Факты показывают, что армия и флот не только широко используют свое независимое от правительства положение, не только предохраняют себя от вмешательства парламентских партий и политических деятелей во внутренние дела армии, но, опираясь на эти уже давно завоеванные позиции, идут и дальше, стремясь полностью подчинить себе правительство, парламент и политические партии. Эти претензии в значительной степени опираются на исторические традиции весьма недавнего прошлого. В сущности всю вторую половину пореформенного существования Японии — с 1895 до 1922 г. — фактическим диктатором страны был глава клана Циосю, т. е. крупнейший представитель военного дворянства, маршал Ямагата, который в качестве самого влиятельного члена «генро» вершил судьбами страны.

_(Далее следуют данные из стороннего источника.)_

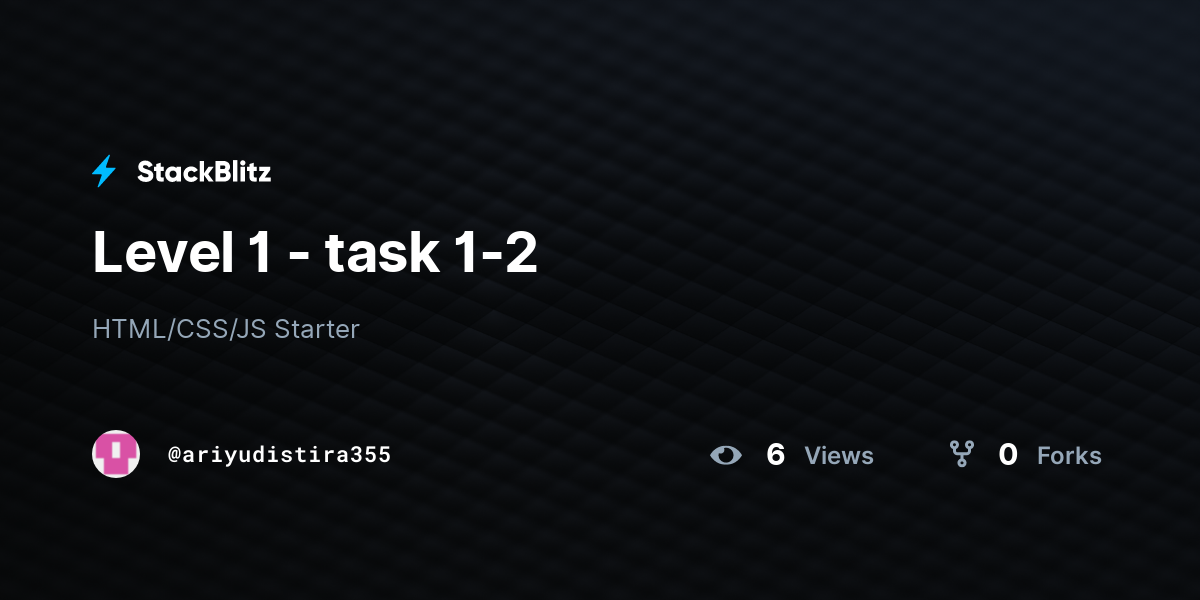 Level 1 - task 1-2 - StackBlitz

Под его покровительством армия, т. е. возглавлявший армию клан военного дворянства Циосю, стала решающей силой государственной власти, и фактически сама монархия (император и его двор) находились в руках армии. Милитаристические кабинеты ген. Кацура и ген. Терауци и подобные им правили Японией до конца мировой войны.

В конце 1918 г. было сформировано первое парламентское правительство Хара. Это правительство, сформированное партией Сейюкай в разгар интервенции против Советской республики, целиком поддерживало агрессивные планы клана Циосю, безраздельно властвовавшего в то время в армии. Факт возникновения парламентских кабинетов тем не менее несколько суживал сферу непосредственного контроля армии над политической жизнью страны. В основе этого явления лежали выросшие претензии буржуазии, окрепшей и колоссально разбогатевшей в годы мировой войны и стремившейся теперь приблизиться к непосредственному участию в управлении страной, а также быстрый рост революционного движения, начиная с «рисовых бунтов» 1918 г., что заставляло маскировать военную диктатуру «партийными правительствами» и другими парламентскими побрякушками.

В японской прессе после мировой войны начинают все громче раздаваться голоса критики, направленной против непомерных претензий военщины на руководство всем государственным аппаратом. В особенности после Вашингтонской конференции, означавшей крах политики крайних авантюристических элементов, ряд газет, связанных с буржуазными кругами, выставляет требование «невмешательства военных в политику» 1.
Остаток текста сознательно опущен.